Þiðreks saga af Bern ('the saga of Þiðrekr of Bern', also Þiðrekssaga, Þiðriks saga, Niflunga saga or Vilkina saga, with Anglicisations including Thidreksaga) is an Old Norse chivalric saga centering the character it calls Þiðrekr af Bern, who originated as the historical king Theoderic the Great (454–526), but who attracted a great many unhistorical legends in the Middle Ages. The text is either a translation of a lost Low German prose narrative of Theoderic's life, or a compilation by a Norwegian or Icelandic scholar based on German material. It is a pre-eminent source for a wide range of medieval Germanic legends.
The identification of this Nordic Þiðrekr af Bern with an heroic interpretation of the Ostrogothic king Theoderic has been recently challenged and rejected by some historians and philologists in epic literature.
The name Vilkinasaga was first used in Johan Peringskiöld's Swedish translation of 1715. Peringskiöld named it after Vilkinaland, which the saga says was an old name for Sweden and Götaland.
The saga contains many narratives found in other medieval tales about Theoderic, but also supplements them with other narratives and provides many additional details. It is not clear how much of the source material might have been orally transmitted and how much the author may have had access to written poems. The preface of the text itself says that it was written according to "tales of German men" and "old German poetry", possibly transmitted by Hanseatic merchants in Bergen.

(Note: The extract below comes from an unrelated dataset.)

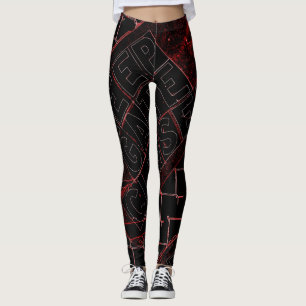 keep gate closed sign black leggings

Contrary to the historical reality of Theoderic's life, most of the action of the saga is set in Northern Germany, situating Attila's capital at Susat (Soest in Westphalia) and the battle situated in the medieval German poem Die Rabenschlacht in Ravenna taking place at the mouth of the Rhine. This is part of a process operative in oral traditions called "localization", connecting events transmitted orally to familiar places, and is one of the reasons that the poems collected by the saga-writer are believed to be Low German in origin.